Te escribo esta historia a ti, que no podrás leerla, para que no cunda mi ejemplo y para que, si cae en manos de alguien más, haga todo lo contrario de lo que yo hice. ¿Dramatizo? Un poco sí, pero menos de lo que me gustaría. Esta es la historia de la Jarama, como nunca nadie me llamó pero me hubiera encantado que lo hicieran. La gente es más de «Fina esto», «Fina lo otro», que también me gusta, pero resulta demasiado familiar y una mujer que ha empezado desde abajo necesita más la autoridad que el cariño.

A finales de los setenta Ibi era una pequeña villa de forma triangular, situada entre el piedemonte del cerro de Santa Lucía y un modesto riachuelo, el Riu de les Caixes. Durante décadas había sido el motor comercial de la comarca de la Hoya de Alcoy. Según el censo de 1900, la villa contaba con poco más de tres mil habitantes, casi los mismos que veinte años atrás. En menos de un lustro se pasó de seis mil a más de veintitrés mil, de los cuales menos de la mitad habían nacido en la misma Ibi. El resto era mano de obra que llegaba de Albacete, Badajoz y Ciudad Real, y que se fue hacinando poco a poco en los arrabales.

En su nombre, Ibi, está el corazón de la península ibérica, que pareciera interrumpido por un bostezo, pero eso es solo una pequeña ironía, pues en Ibi no ha bostezado nadie nunca; y, aunque la playa esté a solo treinta minutos en coche, el único mar que han conocido sus habitantes es el sudor de su propia frente, y la única arena, la arcilla de sus barracones sin pavimentar.

Cuando la crisis de 1973 sacudió la economía, la villa, que contaba ya con medio centenar de fábricas, le enseñó a un país todavía dormido y sin sueños el sendero de la exportación. Sin apoyos políticos ni financieros, abandonada por Dios entre montañas, sorda a los cantos de sirena del Mediterráneo y privada de las propinas del sector servicios, Ibi se convirtió en un ejemplo de resistencia y creación de empleo. Setecientos al año o más.
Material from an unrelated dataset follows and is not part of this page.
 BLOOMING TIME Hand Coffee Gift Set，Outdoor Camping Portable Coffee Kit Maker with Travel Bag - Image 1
Las gentes de Ibi son, a mi entender, las más admirables del país. Mi madre solía reprocharme que dijera eso. Según ella, lo pienso solo porque arrastro un complejo por ser de Tibi, una diminuta localidad a catorce kilómetros de Ibi, y porque yo, siempre según ella, soy muy de admirar lo de los demás y hacer de menos lo propio. Mi madre me recriminaba no ser como el resto de niñas, que estaban todas orgullosas de su pueblo. Y yo a ella que no fuera como las demás madres, que estaban todas orgullosas de sus hijas.
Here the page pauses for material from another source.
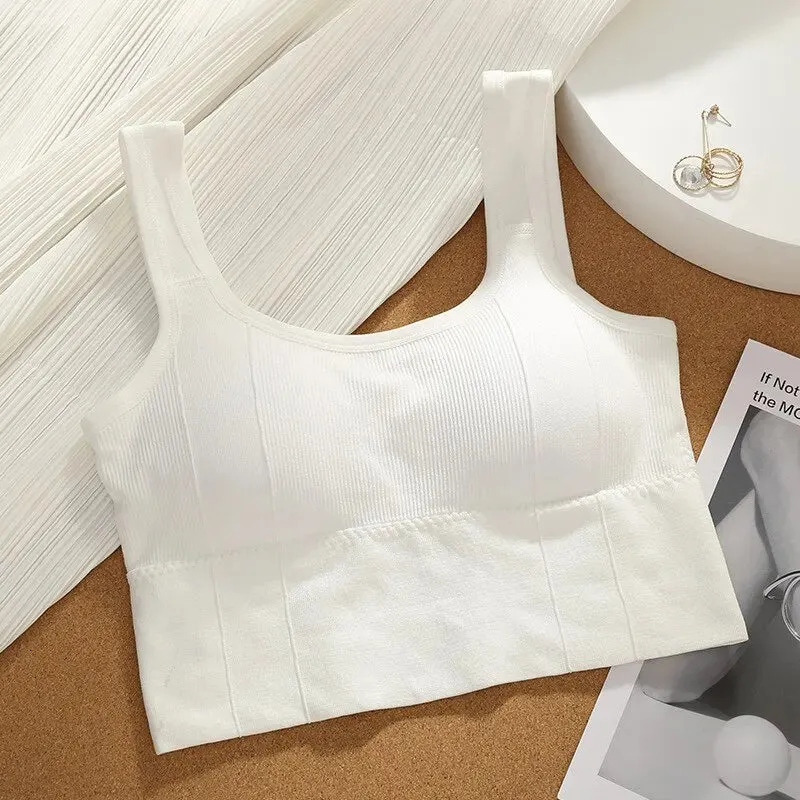 Women's Seamless Crop Tops with Built-In Bras - Wire-Free Padded Support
La razón del milagro de Ibi era sencilla pero espectacular: el juguete, el único producto no alimenticio con denominación de origen en España. Esta industria supo cabalgar a lomos de los nuevos tiempos y, mientras que de puertas para adentro implantaba la cadena de montaje y se abría al plástico, de puertas para fuera sellaba un pacto vitalicio con la televisión: cada diciembre más de mil sintonías desfilaban por TVE.
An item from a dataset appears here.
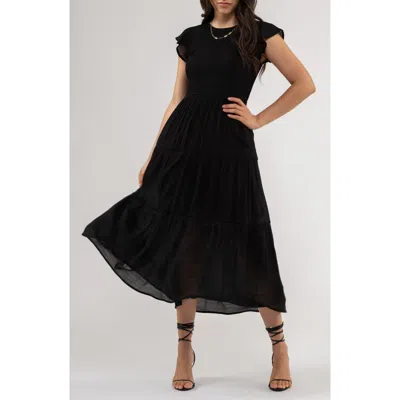 Blu Pepper Flutter Sleeve Smocked Tiered Midi Dress In Black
Fueron los años de los accidentes laborales y del nacimiento de los sindicatos, los de la creación del circuito de ferias y de los grandes nombres del mundo del diseño. Éramos artesanos de la industria y concentrábamos el cuarenta por ciento de la producción juguetera nacional. Cuando la estacionalidad del producto se vivía como un sello de identidad y no como una condena; cuando «deslocalizar» era una palabra inexistente en el diccionario de nuestros empresarios y nadie pensaba en diversificar produciendo también muebles de jardín. Yo estuve allí. Yo viví la era dorada del juguete español. O un poco dorada. Tal vez el principio del declive.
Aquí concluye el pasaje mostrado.